Data Flow¶
This page traces a piece of data from an upstream OLTP system all the way to an executive dashboard and an AI agent answering a natural-language question.
End-to-End Pipeline¶
flowchart LR
subgraph Sources
OLTP[(OLTP / SaaS<br/>PostgreSQL, APIs, files)]
end
subgraph Ingestion[Layer 1 — Ingestion]
DAG[Airflow DAG<br/>akko_banking_fraud_demo]
SPARKI[Spark Connect<br/>JDBC replicator]
end
subgraph Storage[Layer 2 — Storage]
PG[(PostgreSQL<br/>akko-postgresql-data)]
MINIO[(SeaweedFS<br/>akko-warehouse bucket)]
POL[Apache Polaris<br/>Iceberg REST catalog]
end
subgraph Compute[Layer 3 — Compute]
TRINO[Trino 480<br/>federated SQL]
DBT[dbt Core<br/>semantic layer]
SPARK[Spark Connect<br/>ETL + ML features]
end
subgraph Consume[Layer 5 — Consumption]
SUP[Superset<br/>dashboards]
JH[JupyterHub<br/>notebooks]
ADEN[ADEN<br/>NL to SQL to Streamlit]
end
subgraph Govern[Layer 6 — Governance]
OM[OpenMetadata<br/>lineage + tags]
KC[Keycloak<br/>OIDC tokens]
end
OLTP -->|CDC / batch| DAG
DAG --> PG
DAG --> SPARKI
SPARKI -->|MERGE INTO iceberg.banking.transactions| POL
POL -.metadata.-> MINIO
POL --> TRINO
PG --> TRINO
TRINO --> DBT
DBT --> POL
TRINO --> SUP
TRINO --> JH
TRINO --> ADEN
SPARK --> JH
OM -.column-level lineage.-> TRINO
OM -.ingest.-> POL
KC -.user token.-> TRINO
KC -.user token.-> SUP
KC -.user token.-> ADEN
Step-by-Step¶
1. Raw ingestion — Postgres / files / API¶
Airflow DAGs land raw rows in akko-postgresql-data or directly in SeaweedFS (S3). The akko_banking_fraud_demo DAG calls generate_transactions.py, then hands off to Spark Connect for JDBC replication.

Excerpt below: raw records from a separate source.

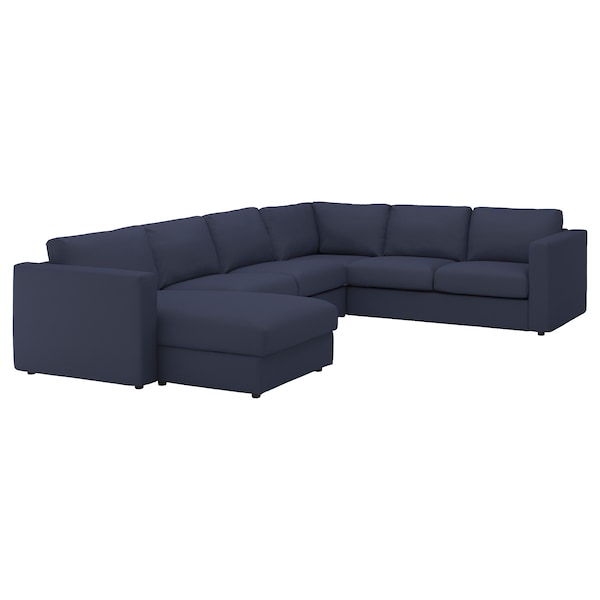 IKEA FINNALA Sectional, 5-seat corner, with chaise/Orrsta black-blue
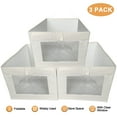 thumbnail image 1 of 3 Pack Foldable Closet Storage Bins with Clear Window  Wardrobe Storage Organiser White, 1 of 8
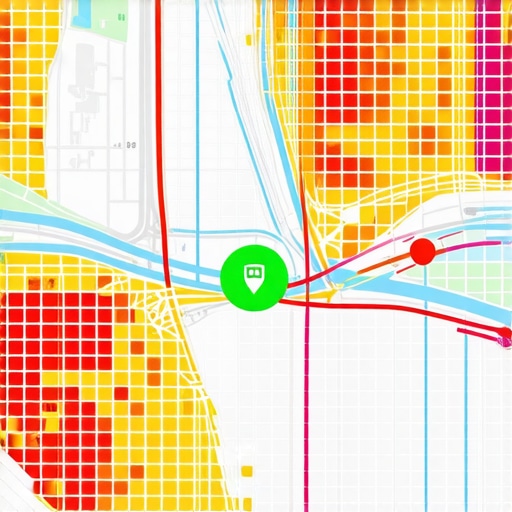 Heatmap showing driving directions and call signals on a local map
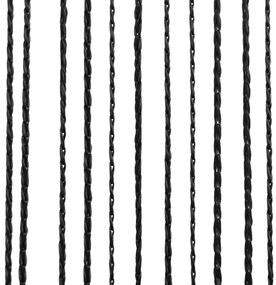 Draperii cu franjuri, 2 buc., 140 x 250 cm, negru Negru, 140 cm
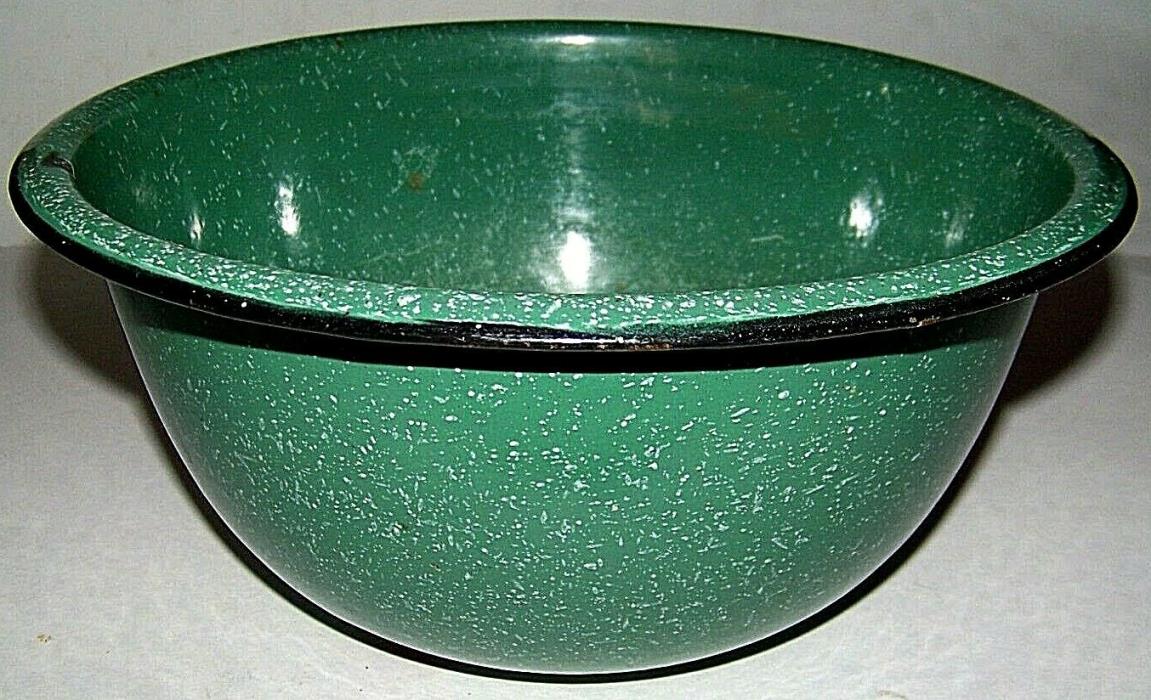Vintage Enamelware 4-1/2 quart Mixing Bowl 11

2. Lakehouse write — Iceberg on SeaweedFS¶
Spark writes partitioned Iceberg tables (iceberg.banking.transactions, partitioned by region). Polaris stores the schema, snapshot history, and partition spec in its own PostgreSQL backend.
3. Query — Trino + dbt¶
Trino federates reads across iceberg and postgresql catalogs. dbt models (dbt-trino adapter) build curated layers (raw, staging, analytics). Every dbt run emits OpenLineage events that OpenMetadata consumes for column-level lineage.
4. Consumption — Superset, JupyterHub, ADEN¶
- Superset runs SQL against Trino using the user's Keycloak JWT — RBAC + masks applied per query.
- JupyterHub spawns
akko-notebookpods withjupyter-ai,dbt-trino,pysparkandduckdb. - ADEN (Layer 4) takes a natural-language question, calls OpenMetadata + OPA + LiteLLM, then executes the SQL through Trino with the caller's identity.
5. Governance — OpenMetadata + OPA + Keycloak¶
Every table lands in OpenMetadata with tags (PII, GDPR.Personal), business glossary terms, and lineage. OPA policies gate every Trino query on top of Keycloak role claims.
Reference Demo¶
The banking-fraud demo (/demos/banking-fraud/) runs this flow end-to-end in under 10 minutes on k3d:
- Seed synthetic transactions in Postgres.
- Replicate to Iceberg via Spark Connect.
- Train an Isolation Forest in MLflow.
- Score transactions with
akko_ai_anomaly()+akko_ai_sentiment()in a single MERGE. - Refresh the Superset dashboard.
- Ask ADEN: "Which regions saw a fraud rate above 5 % last week?"